ANOTHER REASON ONLINE SHOPPING RULES

The police issued a warning today about possible terror attacks at a mall somewhere near the Federal Building on Wilshire near the 405 in Westwood. They didn't say which malls would be targets- indeed, they didn't give any specifics at all- but they told everyone to exercise "vigilance."

Vigilance? What's "vigilance" going to do? You get to see the face of the person who's about to kill you? Are you supposed to throw yourself on a grenade? What are you supposed to do?

Well, nothing. And the cops can't do anything, either. If a murderous bastard wants to drive into a mall garage with a carload of explosives, or someone wants to lob a grenade into a store, or whatever else someone wants to do to kill people, no cop or barricade or plan will do much more than temporarily inconvenience the attacker. There's not much anyone can do to stop it, even if you know it's coming, unless you want to make life very, very different. You can post cops at all entrances. You can inspect all cars. You can make people go through metal detectors. You can frisk people. You can make a quick trip to Macy's into an affair of several hours.
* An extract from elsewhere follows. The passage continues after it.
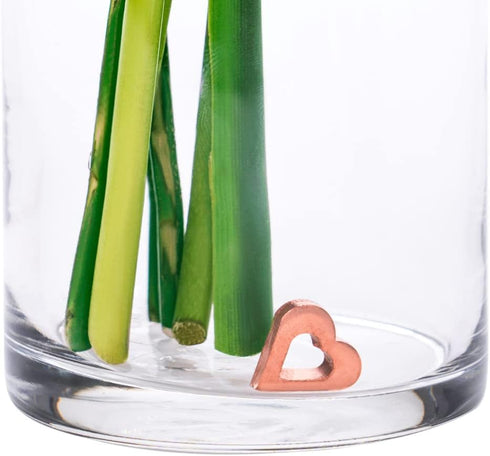 Flower Food Alternative for Fresh Cut Flowers | Copper Charm Keeps Flower Water Clean and Clear | Just Place It in The Vase, Reusable (2 Pack)...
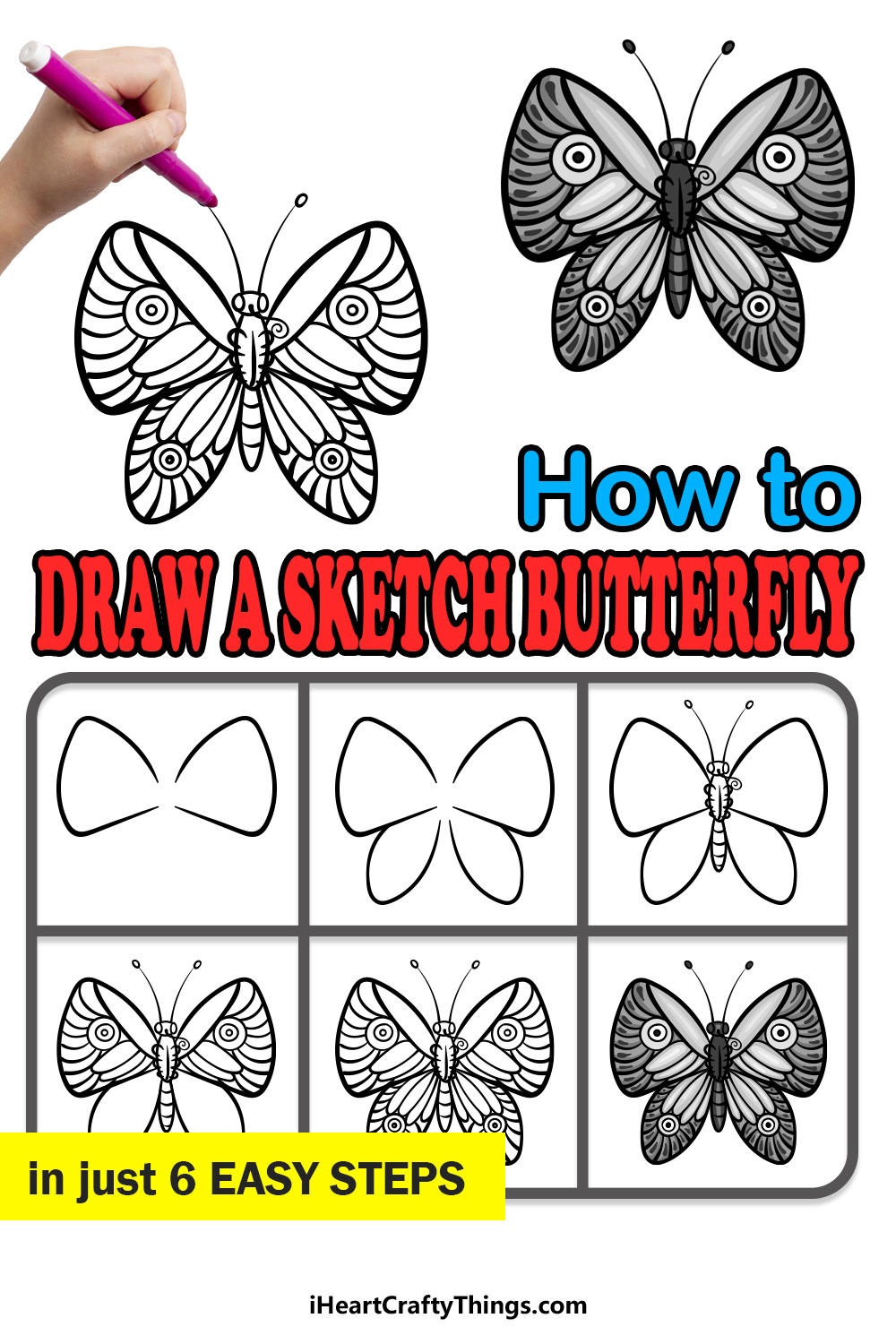 how to draw a Sketch Butterfly in 6 easy steps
Do you want that? Does ANYBODY want that?

And that's been my point about the 9/11 hearings. Even if someone had put together all the bits of information that were floating around, even if the plot had been figured out, even if someone thought of boxcutters as something worth searching for and confiscating, how would that have played with the public? If this was 9/10/01, would you be OK with long security lines at airports, people pawing through your underwear in the guise of inspection, barricarded cockpit doors and air marshals with guns? Or would you have decried the infringement of basic liberties, complained about the slowness, and demanded to know what the specific threat was, doubting its existence all along?
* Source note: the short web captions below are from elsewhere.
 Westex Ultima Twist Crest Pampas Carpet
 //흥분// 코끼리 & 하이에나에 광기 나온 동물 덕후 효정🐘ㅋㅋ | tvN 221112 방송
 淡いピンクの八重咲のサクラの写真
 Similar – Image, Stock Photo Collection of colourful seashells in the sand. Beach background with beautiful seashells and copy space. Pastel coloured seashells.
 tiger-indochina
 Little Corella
You know the answer. And you also know that if they do that kind of tight-security thing at malls, you won't like it, it'll cost a fortune, and it'll kill a lot of retail businesses. Considering all that, I guess "vigilance" is all you CAN do. If you see anything suspicious, be sure to, well, um... wave. And rest assured that long after you're gone, someone will hold hearings and point fingers at the people who "should have stopped it." Maybe they'll point at you. You know they won't blame the terrorists.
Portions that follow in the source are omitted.